Document Type

Article

Publication Date

2000

Keywords

rights, adjudication, First Amendment, morality

Abstract

Constitutional doctrine is typically rule-dependent. A viable constitutional challenge typically hinges upon the existence of a discriminatory, overbroad, improperly motivated, or otherwise invalid rule, to which the claimant has some nexus. In a prior article, Prof. Adler proposed one model of constitutional adjudication that tries to make sense of rule-dependence. He argued that reviewing courts are not vindicating the personal rights of claimants, but rather are repealing or amending invalid rules. IN a Commentary in this issue, Professor Fallon now puts forward a different model of constitutional adjudication, equally consistent with rule-dependence. Fallon proposes that a reviewing court should overturn the application of a constitutionally invalid rule to a given claimant if that rule contains no valid severable subrule that covers the claimant; and he criticizes Adler’s model on various counts.

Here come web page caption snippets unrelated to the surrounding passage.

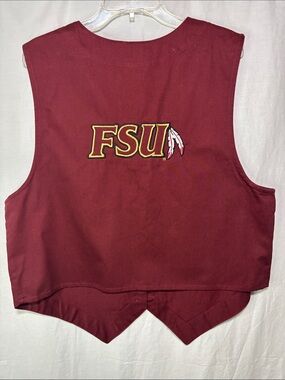 FSU Maroon Men’s Vest - Collegiate Logo (38)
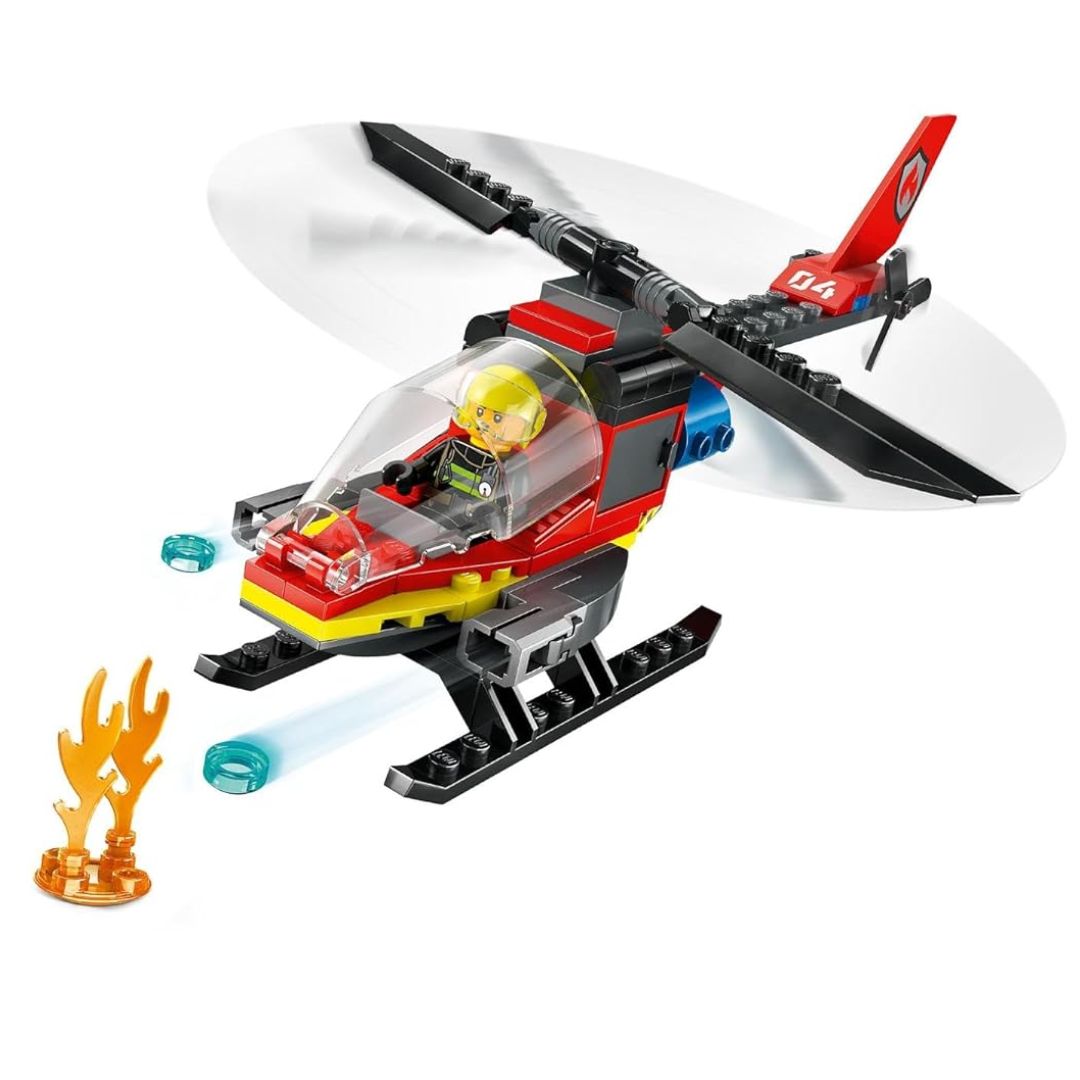 Lego City City Great Vehicles Fire Rescue Helicopter -Lego - India - www.superherotoystore.com
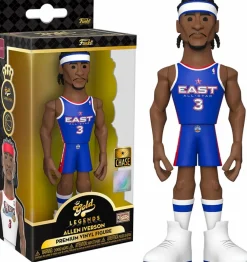 Designer Vinyl>NBA Basketball - Allen Iverson Philidephia 76ers 5" Gold Premium Vinyl Figure
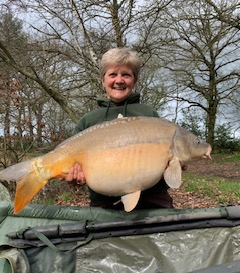 A 39 lb 11 oz carp from Eau De Vie North, Mar 2022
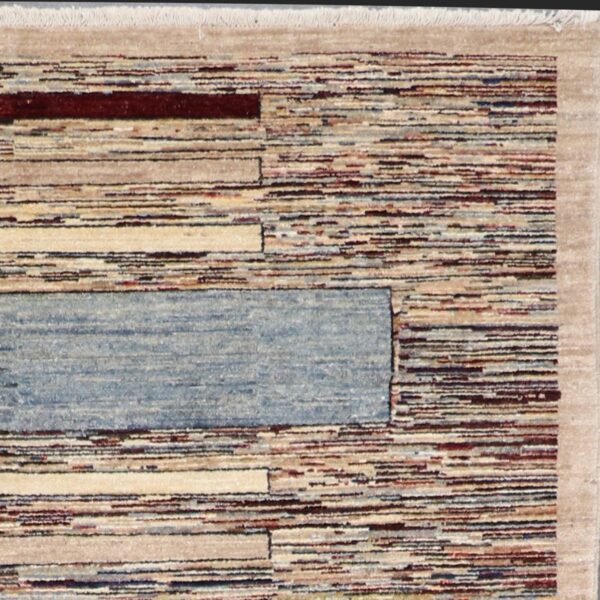 5'7"x8'4" Contemporary Burgundy Wool Hand-Knotted Rug - Direct Rug Import | Rugs in Chicago, Indiana,South Bend,Granger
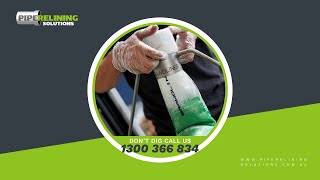 Pipe relining in progress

In this Response, Adler replies to Fallon's criticisms and, more generally, attempts to demonstrate that the Fallon Model is not supported by a variety of considerations that might seem to favor it. The Fallon Model is a better account of rule-dependence than the Adler Model only if the Fallon Model better implements constitutional norms, and Professor Fallon has not shown or even tried to show that it does.